Assigned task: Only the lines in the entries below from the line with "Woman in airport" to the line with "labradorite crystal carving", both included, belong in the answer, transcribed exactly and without pictures.

Information provided:
++++
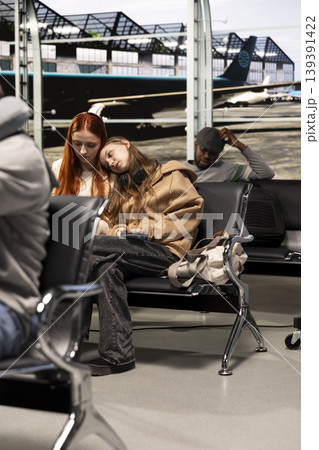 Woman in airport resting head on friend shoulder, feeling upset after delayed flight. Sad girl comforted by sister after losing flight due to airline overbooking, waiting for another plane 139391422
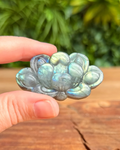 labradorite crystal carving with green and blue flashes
++++
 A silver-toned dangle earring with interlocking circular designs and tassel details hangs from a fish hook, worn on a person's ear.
++++
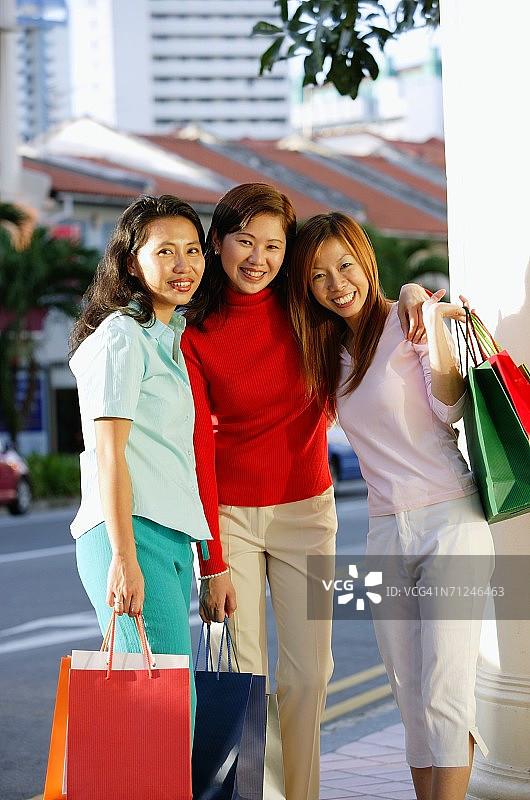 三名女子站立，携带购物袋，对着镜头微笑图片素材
++++
Written reply:
 Woman in airport resting head on friend shoulder, feeling upset after delayed flight. Sad girl comforted by sister after losing flight due to airline overbooking, waiting for another plane 139391422
 labradorite crystal carving with green and blue flashes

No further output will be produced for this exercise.